Although we are not able to compile more open-access details about the Five Eyes, it is worth trying to understand its main features and weaknesses by conducting a SWOT analysis, designed as a tool for evaluation of the strategic position of organizations based on:

• the structure of the Five Eyes (its strengths and weaknesses);

• its record of activity provided by Snowden in 2013 (the opportunities previously taken or rejected by the Five Eyes);

• global political changes relying on open-access data analysis (the assessment of internal and external threats).

SWOT matrix

While the SWOT analysis has been used in corporate world, mostly by large enterprises, as a tool to identify positive and negative factors within organizations that promote or inhibit successful implementation of business policy, there is no reason to refrain from applying this matrix to the intelligence community.
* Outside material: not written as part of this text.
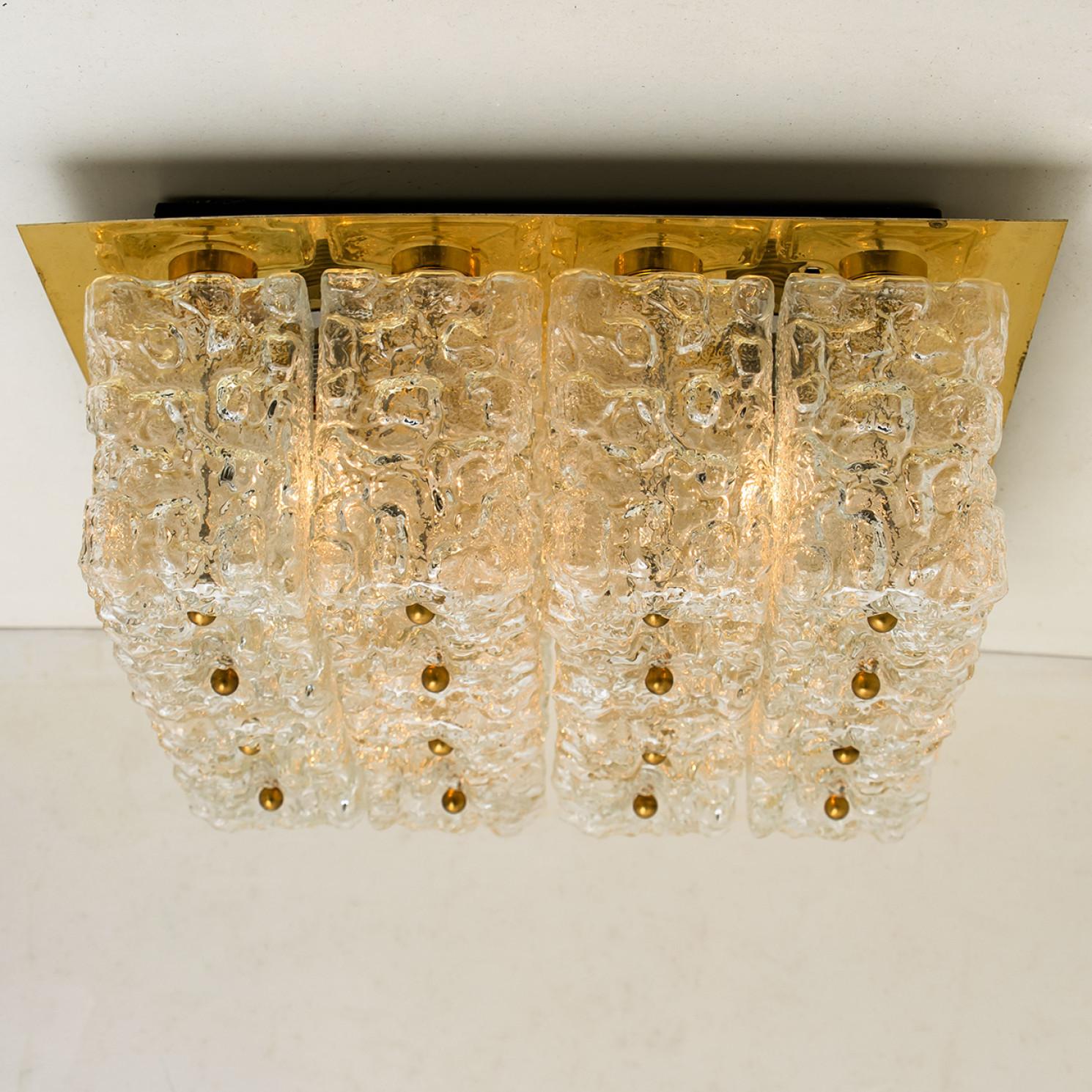 Large Thick Textured Glass Flush Mount Ceiling Light by Kaiser, 1960s For Sale 3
As a matter of fact, national intelligence agencies do share similarities with the corporate world in the way they are structured (e.g. strengths and weaknesses: internal factors within an organization leading to success and failure). While corporate entities want to achieve profit maximization (incentive) to remain operational and competitive, an intelligence agency is willing to achieve national security maximization (incentive) to continue to receive funding from the government and remain competitive against other intelligence agencies at home and abroad.

As such, beginning to examine the Five Eyes cooperation, we observe that the primary reason for its existence goes back to the Second World War against the Nazi Germany (the main threat). As in the corporate world, the inception of the alliance between the United Kingdom and the United States took shape against an emerging external competitor (the Nazi Germany). The continuity of cooperation between London and Washington after the defeat of Berlin thus underlines the need to maintain this partnership in the face of a new competitor following 1945: the Soviet Union.

The inclusion of new partners — Canada, New Zealand and Australia — in the Five Eyes agreement after the Second World War shows that the Soviet threat could not have been addressed by one country alone, nor by the previous UKUSA Agreement, which informed the interest of an agency in changing the existing cooperation format.

However, the restriction of the cooperation to a limited number of new partners and the omission of other countries sharing similar interests during the Cold War (e.g. NATO member states) shows that the Five Eyes cooperation considers these five partners combined to be of equal or greater value than the Soviet competitor.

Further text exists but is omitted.